Cervical priming refers to dilating or softening of the cervix by mechanical or medical means before an intervention in pregnant or nonpregnant women 1. Misoprostol is a stable synthetic prostaglandin E1 analog used for prophylaxis and treatment of peptic ulcer. It is inexpensive, can be stored at room temperature, and is available worldwide.
When used before surgical abortion, cervical priming has been shown to result in a shorter operation time, in reduced blood loss, and in easier mechanical dilatation 2,3. It may also reduce the incidence of complications during the procedure and is therefore recommended by a number of guidelines 4,5.
Cervical priming is especially useful in pain reduction and can be used either in addition to or instead of local anesthesia.
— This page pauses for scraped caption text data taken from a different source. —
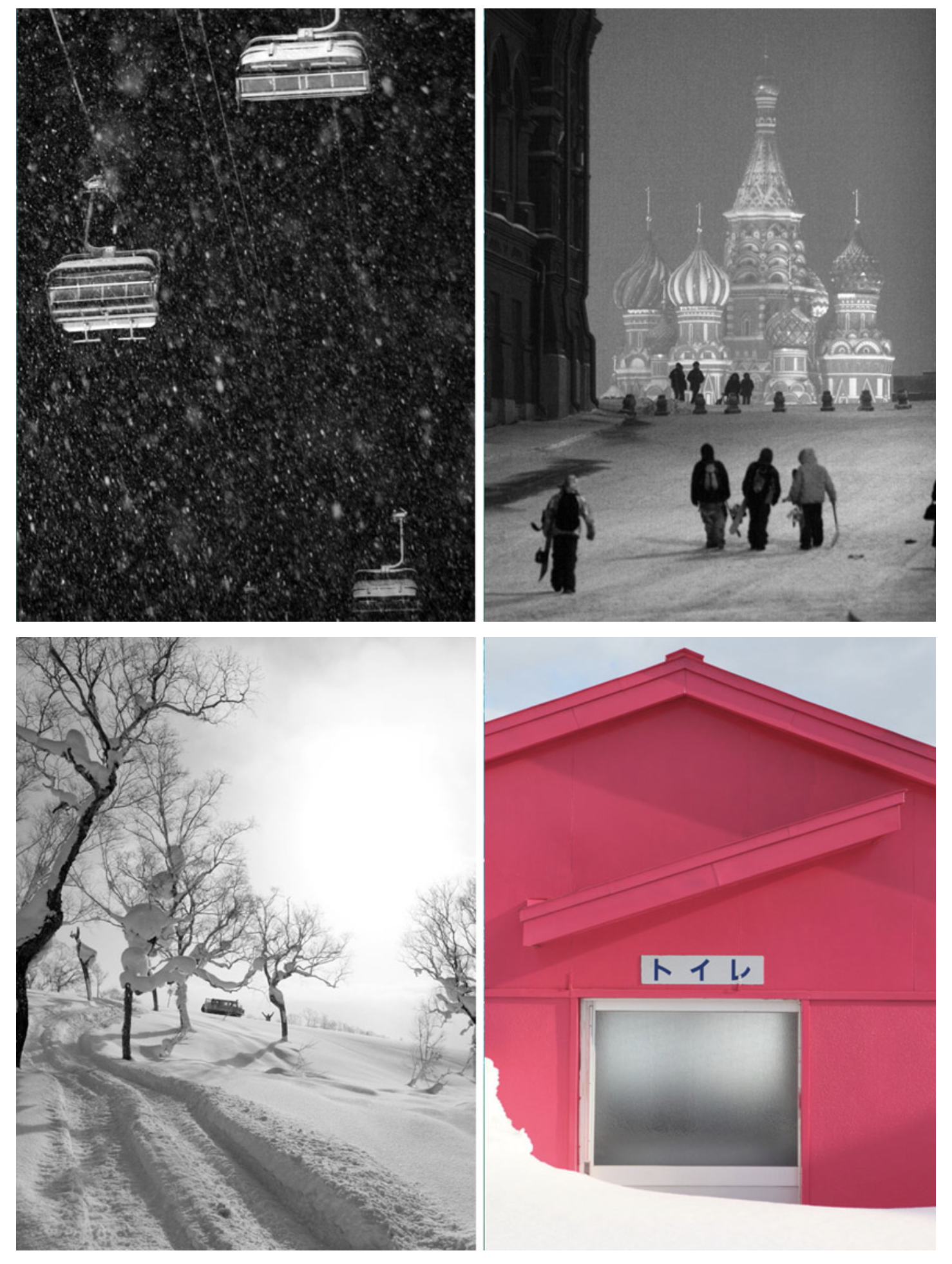 Photoshoot in Russia by Jake McBride.png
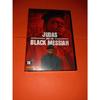 Judas and the Black Messiah Dvd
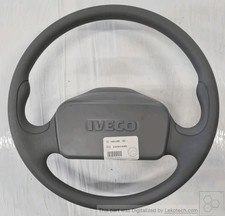 93811280 volante iveco new - 93811280,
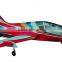 105mm EDF Super Viper 2.4GHz 7CH Radio Control 22.2V-44.4V 5000mAh 40C Li-Po Battery RC Plane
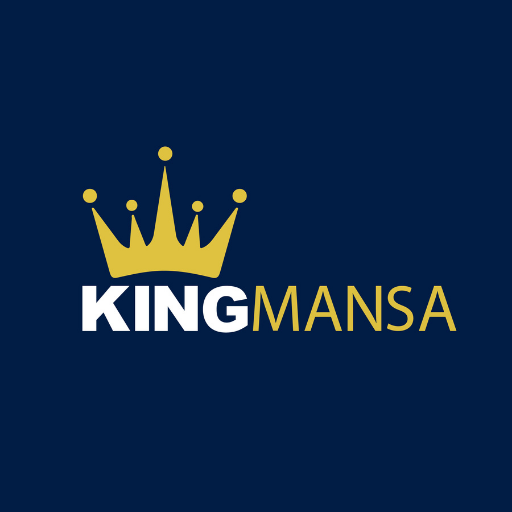 Kingmansa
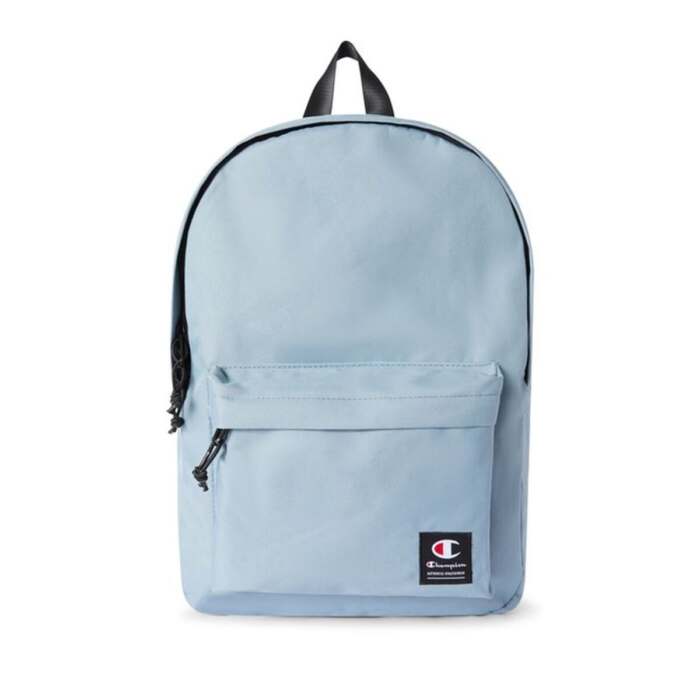 S64213440_0 S64213440_0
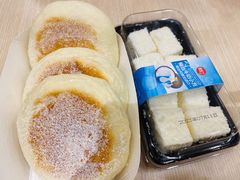-85度C(上海广元店)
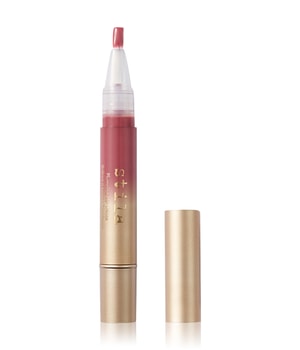 Stila Plumping Lip Glaze Lipgloss-3.5 ml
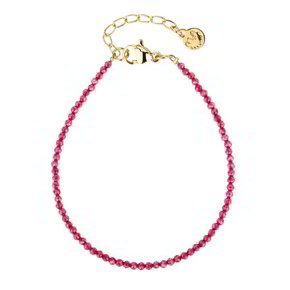 Bracciale Donna Boccadamo Luminosa - LM_BR37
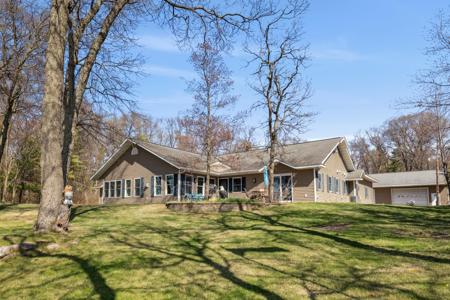 5301 Pine Beach Road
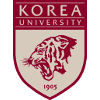 Korea University logo - Korea Kubl Korea University Vs Kyung Hee University Results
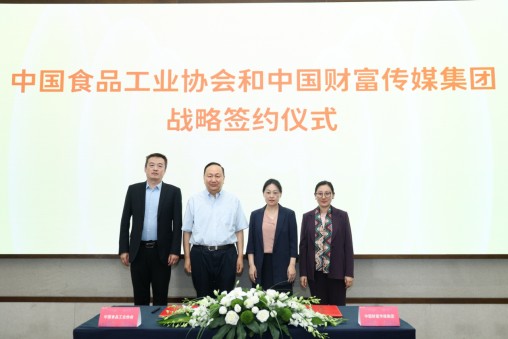 5a1c8c5cca522a1b0f0fbfbef067c070.jpg 5a1c8c5cca522a1b0f0fbfbef067c070.jpg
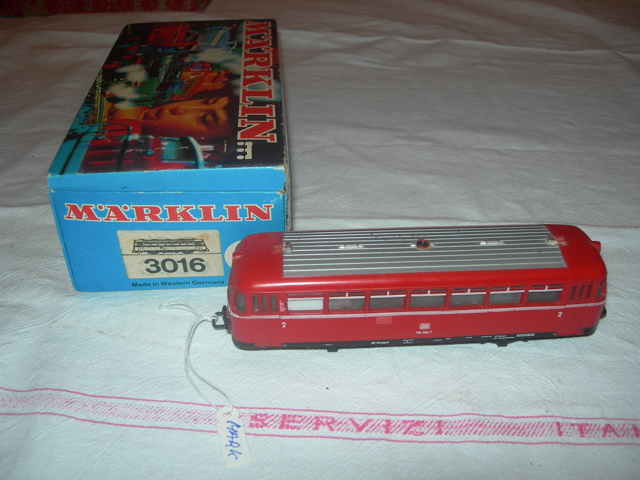 DSCN1205.JPG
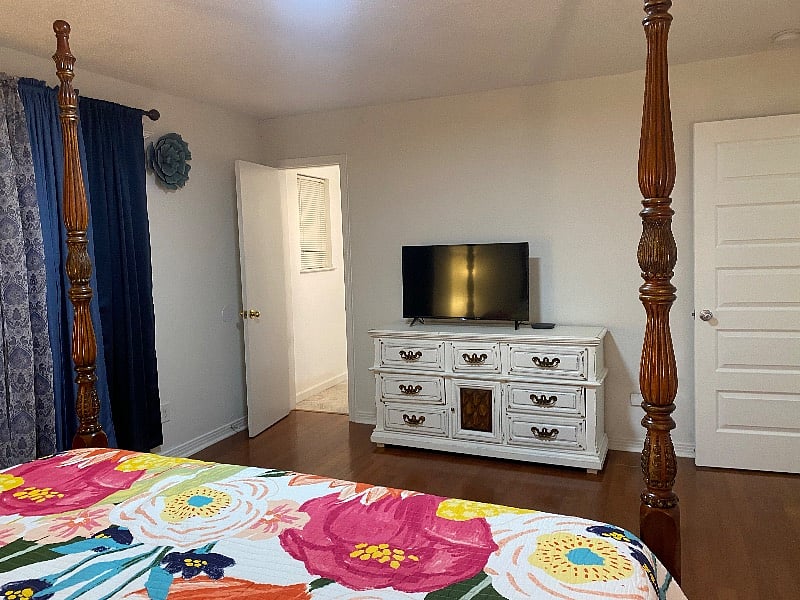 Furnished Finder property 546793_1 photo 19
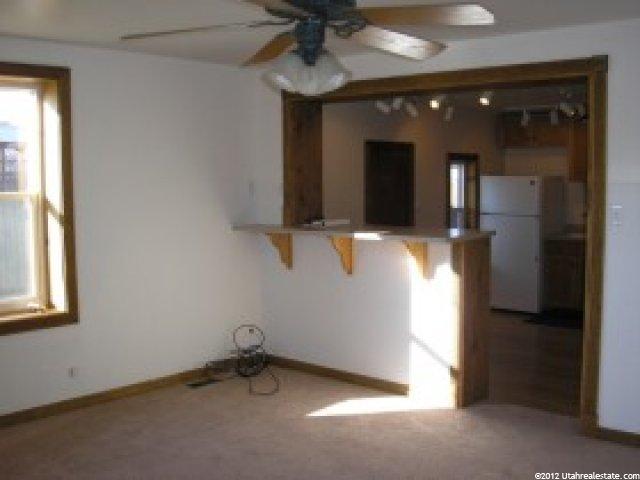 291 N 200 W, Heber City, UT 84032 — photo 3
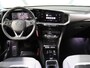 Opel Mokka 1.2 Turbo Level 3 | AUTOMAAT | AppleCarPlay/AndroidAuto | Cruise Control | Climate Control | Camera | Navigatie | FULL LED | Isofix | Parkeersensoren |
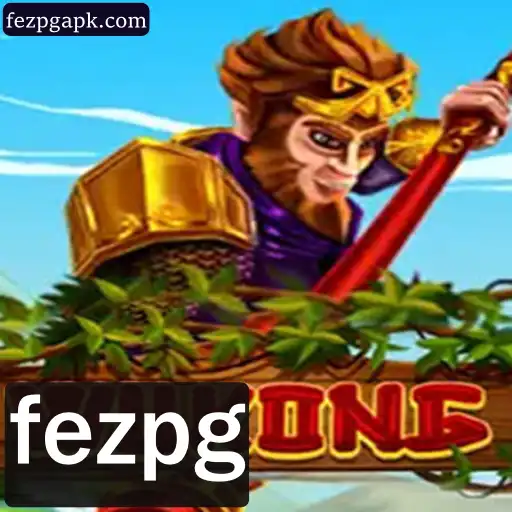 Descubra Wukong: O Novo Fenômeno dos Jogos de RPG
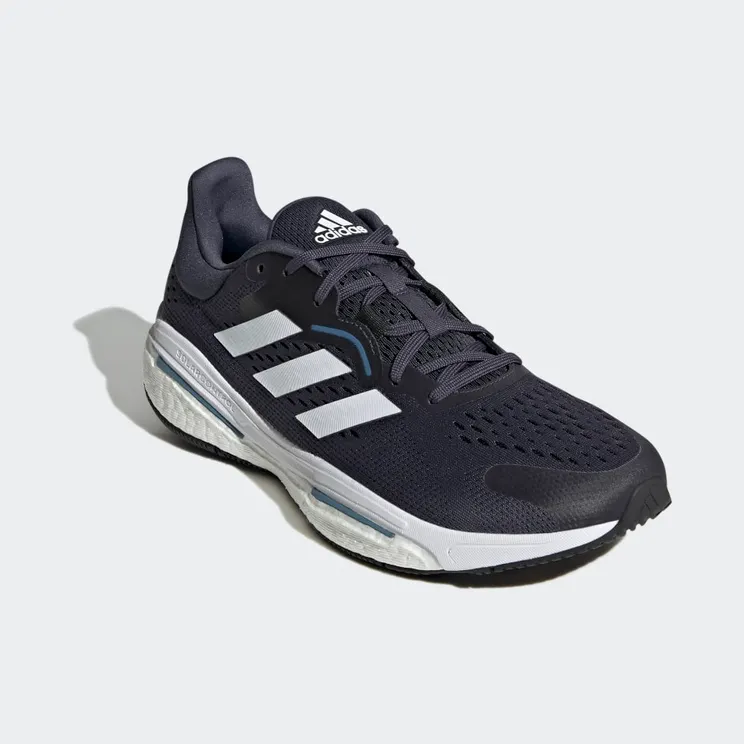 adidas-solarcontrol GX9220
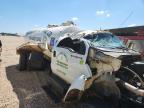 2015 Ford F750 Super Duty Septic Truck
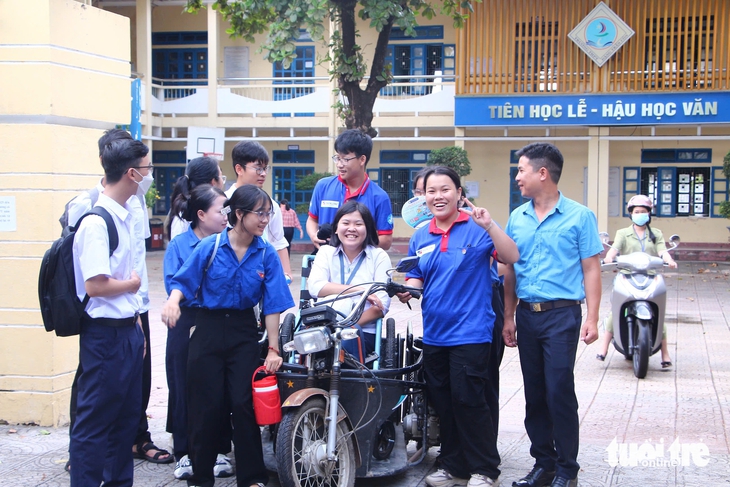 base64-17510146892831032574835 TÌNH BẠn - Ảnh 2.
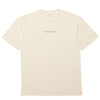 Wasted Talent Thames T-Shirt - Bone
It is also advantageous in procedures performed under general anesthesia as the anesthetic does not have to be as deep 6.
Various studies have shown that misoprostol also has a beneficial effect on preoperative cervical ripening in women who require hysteroscopic surgery 7,8.
Priming before hysteroscopy resulted in an increase in cervical dilatation and a lower rate of cervical laceration 9. The results in premenopausal and postmenopausal women are conflicting 10,11. In this study we aimed to assess the efficacy of vaginal misoprostol for cervical ripening in premenopausal and postmenopausal women before dilatation and curettage in gynecological procedures such as endometrial biopsy.
Materials and methods
This was a randomized controlled clinical trial conducted among 200 women undergoing dilatation and curettage for endometrial biopsy at Suez Canal University from January 2011 to January 2012. After obtaining approval from our Ethics Committee and a written informed consent from all participants, the present study was conducted as a randomized, double-blind, placebo-controlled trial. The women were divided randomly and equally into two groups. Group A (the study group) included 100 women (50 women each in the premenopausal and postmenopausal subgroups) who received two tablets of 400 µg misoprostol vaginally (mesotac; Sigma, SAE, Egypt). Group B (the control group) also comprised 100 women (50 women each in the premenopausal and postmenopausal subgroups) who received two tablets of 500 mg metronidazole as placebo. The boundaries for the trials were calculated on the basis of primary outcomes of a difference of at least 1 mm in cervical dilatation, with the assumption of a type 1 error of 0.05 and a power of 0.95, 100 women in each subgroup either pre-menopausal or postmenopausal subgroups 12.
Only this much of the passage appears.